Pour the gin, vermouth, Campari and bitters into a mixing glass or jug with ice. Stir well until the outside of the glass feels cold.

Strain into a tumbler and add some fresh ice. Garnish with an orange slice, using a blood orange when in season.

Red Snapper

  • 50ml Bullards London Dry Gin
  • Tabasco Sauce (add to taste)
  • Worcester Sauce
  • Celery Salt
  • Ground Black Pepper
  • 200ml Tomato Juice

Pour the celery salt and pepper onto a small plate. Rub the juicy side of a lime wedge along the lip of a pint glass. Rim the glass with the salt and pepper mixture and fill the glass with ice.

Add the gin, tomato juice, Tabasco and Worcestershire sauce into a shaker with ice, and shake until well-chilled.

Strain into the prepared glass, and garnish with a celery stalk and lime wedge.

Bebbo

  • 50ml Bullards London Dry Gin
  • 25ml Fresh Lemon Juice
  • 2 Tsp Fresh Blood Orange Juice
  • 2 Tsp Honey
  • Lemon Peel

Add all ingredients into a cocktail shaker with ice and shake until well-chilled. Finely strain into a chilled coupe glass.

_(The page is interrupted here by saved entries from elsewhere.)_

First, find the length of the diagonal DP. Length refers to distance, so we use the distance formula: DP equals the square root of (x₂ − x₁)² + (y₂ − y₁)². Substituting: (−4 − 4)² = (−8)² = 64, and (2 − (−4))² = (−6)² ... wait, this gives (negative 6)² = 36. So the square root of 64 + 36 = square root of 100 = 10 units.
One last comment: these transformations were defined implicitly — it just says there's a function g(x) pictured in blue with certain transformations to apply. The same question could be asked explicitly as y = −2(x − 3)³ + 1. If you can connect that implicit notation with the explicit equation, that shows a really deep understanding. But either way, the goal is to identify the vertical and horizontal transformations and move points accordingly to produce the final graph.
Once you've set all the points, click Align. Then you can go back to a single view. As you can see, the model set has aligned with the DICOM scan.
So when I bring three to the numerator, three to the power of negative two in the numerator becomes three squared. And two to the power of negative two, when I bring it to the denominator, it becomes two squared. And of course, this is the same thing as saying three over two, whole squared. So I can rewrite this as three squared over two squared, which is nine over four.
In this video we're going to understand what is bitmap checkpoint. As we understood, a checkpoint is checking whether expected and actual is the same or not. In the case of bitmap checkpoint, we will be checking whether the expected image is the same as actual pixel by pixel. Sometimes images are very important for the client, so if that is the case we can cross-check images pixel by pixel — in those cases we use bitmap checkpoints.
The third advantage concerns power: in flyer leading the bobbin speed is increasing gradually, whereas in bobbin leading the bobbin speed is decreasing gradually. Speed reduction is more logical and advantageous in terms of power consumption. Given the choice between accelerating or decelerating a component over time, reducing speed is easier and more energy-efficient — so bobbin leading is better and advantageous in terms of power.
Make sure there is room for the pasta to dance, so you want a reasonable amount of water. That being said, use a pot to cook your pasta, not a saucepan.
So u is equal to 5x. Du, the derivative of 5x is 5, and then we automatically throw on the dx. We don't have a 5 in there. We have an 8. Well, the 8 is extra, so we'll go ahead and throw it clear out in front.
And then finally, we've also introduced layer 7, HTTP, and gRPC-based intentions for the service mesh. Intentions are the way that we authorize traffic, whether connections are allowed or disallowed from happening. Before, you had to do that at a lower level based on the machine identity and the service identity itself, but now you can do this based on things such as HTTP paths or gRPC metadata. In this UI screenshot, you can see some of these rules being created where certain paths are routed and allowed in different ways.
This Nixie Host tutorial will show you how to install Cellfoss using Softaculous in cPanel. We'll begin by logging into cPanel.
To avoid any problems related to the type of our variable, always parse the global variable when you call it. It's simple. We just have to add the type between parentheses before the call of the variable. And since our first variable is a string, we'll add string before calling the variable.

Garnish with a twisted lemon peel.

Gin Rickey

  • 50ml Bullards London Dry Gin
  • 15ml Freshly Squeezed Lime Juice
  • 10ml Sugar Syrup
  • 15ml Sparkling Water
  • Lime Wedges

Fill a tall glass with ice, add the lime wedges and stir. Add the gin, lime juice and syrup into a shaker. Shake well over ice and strain into the glass. Top with sparkling water.

Holiday Negroni

Serves 8

  • 250ml Bullards London Dry Gin
  • 250ml Campari
  • 250ml Sweet Vermouth
  • 2 Cinnamon Sticks
  • 2 Star Anise Pods
  • 5 Whole Cloves
  • 8 Charred Orange Slices

Toast cinnamon sticks, star anise and whole cloves until fragrant, then transfer into a large jug. Add London Dry Gin, Campari and Sweet Vermouth and leave to infuse for at least 4 hours (max 24 hours).

Fill 8 short glasses with ice and add the charred orange slices. Strain over the Holiday Negroni blend and serve.

Jubilee Ginboree

  • 50ml Bullards London Dry Gin
  • 10ml Freshly Squeezed Lemon Juice
  • 1 Tsp Strawberry Jam
  • 25ml Martini Rosato
  • Prosecco
  • Strawberries
  • Ice

In a cocktail shaker, combine the gin, lemon juice, Martini Rosato and strawberry jam. Add ice and shake until chilled and well combined. Add ice to a rocks glass, then strain from the shaker. Top with prosecco, and garnish with fresh strawberries.